Fig 3 is helpful in analyzing the working hours. We can find out that most of the municipal workers are working from 1500 hours to 2500 hours, which could be placed within a normal working-hour range. The OT hours are also reasonable, considering that most of the employees worked overtime less than 400 hours. Another interesting finding is that the trends of how the working and OT hours change are quite similar. When compared with the trend of the changes in hourly paid(in Fig 4), it could explain itself to some extent. The decrease in regular hours might be related to an increase in the hourly paid.
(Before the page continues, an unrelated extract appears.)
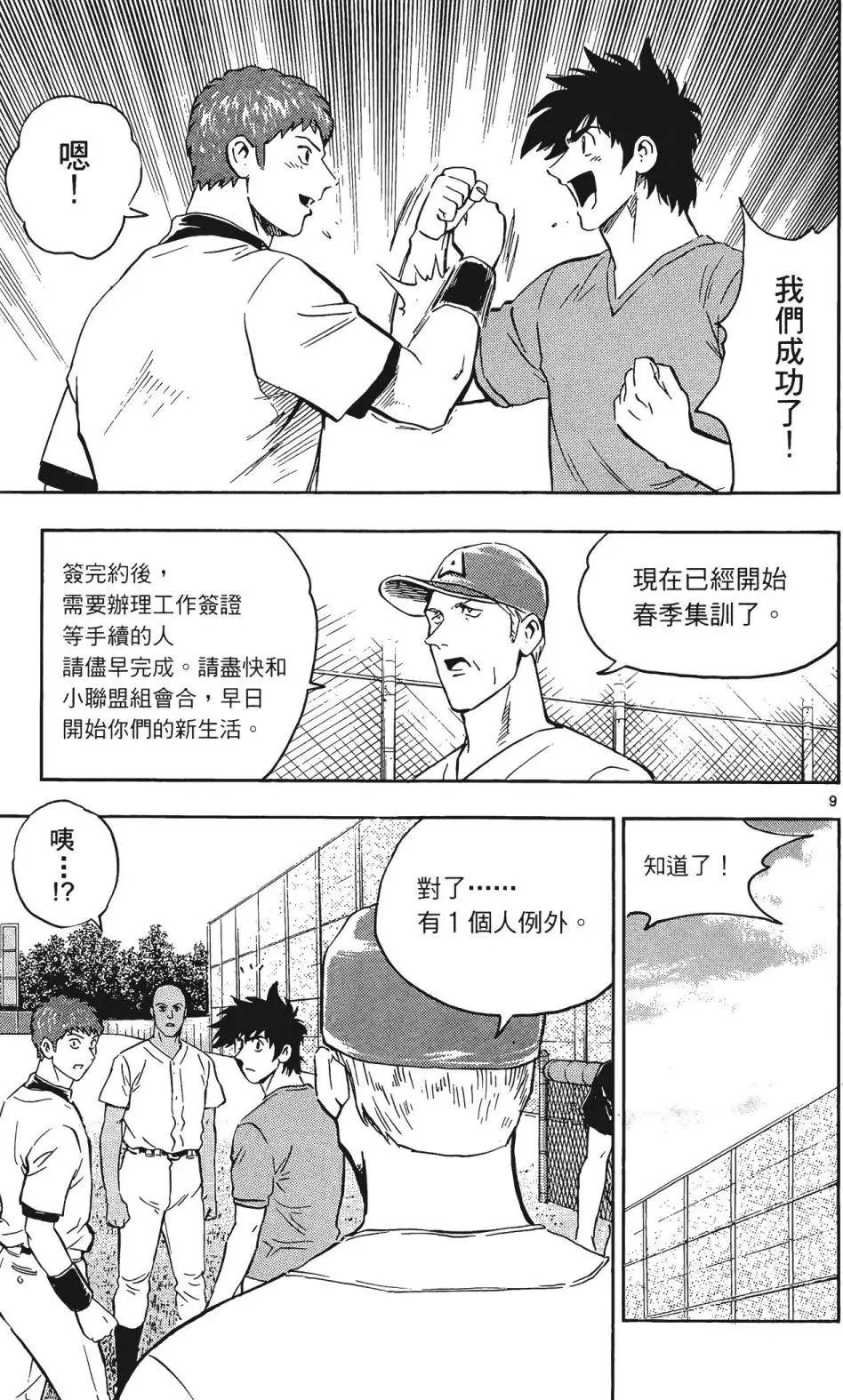 第48卷
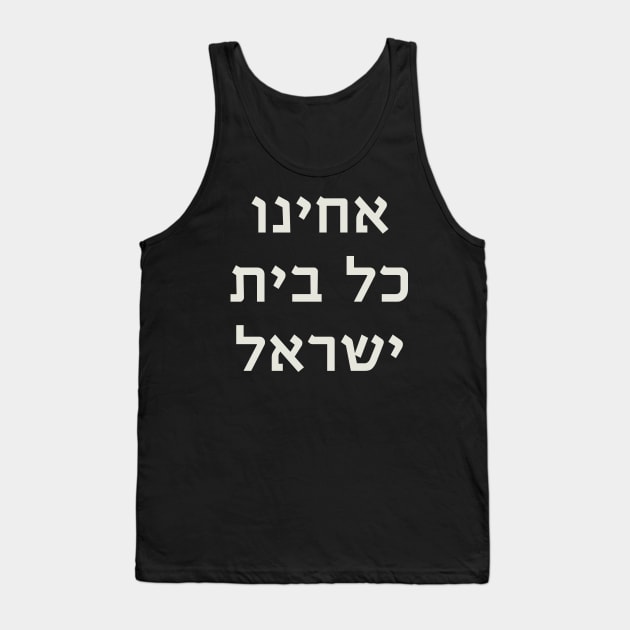 Acheinu Kol Beit Israel - Prayer for Releasing the Israeli Captive Tank Top by JMM Designs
Fig 4 shows an overview of the payment condition. I think there is a large gap in the total income. Lots of employees made less than $15,000/year. Although there are only 938 people who earned more than $21,000, the top payment actually runs to $672,000. Same finding from the hourly paid graph. A large number of people get $20-$50 per hour when there are over 3,000 people who earn over $210 an hour. The top hourly-paid is around $57,000. The changes in the total income have a close trend to the changes in regular hours, except for the change from 2016 to 2017. The reason could be a large increase in hourly paid, which keeps the total paid increase from the previous year.

From Fig 5, we can find out that although Manhattan has the most employees in the 2019 fiscal year, the average total paid in the lowest among all the boroughs, and the hourly paid is the highest. It’s an interesting finding. Maybe the reason behind might be found from the fourth graph in this dashboard. Employees in Manhattan has the lowest working hours, which could lead to the lowest total pay. The high hourly-paid might also be attractive, that’s why there are so many employees here.

Reflections

First of all, choosing a proper dataset is quite important. I’m very excited when I first found out the dataset because it interested me a lot. I noticed a large number of rows it got, but I didn’t pay much attention to it until Tableau Public usually got stuck when processing. Whenever I tried to save the workbook to Tableau Public, it just showed an error. I spend a lot of time waiting for it to compute. If I had a chance to do it again, I would deal with a smaller dataset and save some time.

I once got stuck on what aspects can I take to analyze the dataset. Then I decided to talk to people and do UX research and get more inspirations. I found it a really great way of dipping further into the topic and making iterations based on the feedback. I didn’t plan to analyze the number of people in different boroughs first. However, during one of my UX research, I was suggested to create a graph about it. I found it a good complement to analyzing other graphs. I think talking to other people is helpful for me to get more inspirations and make further research.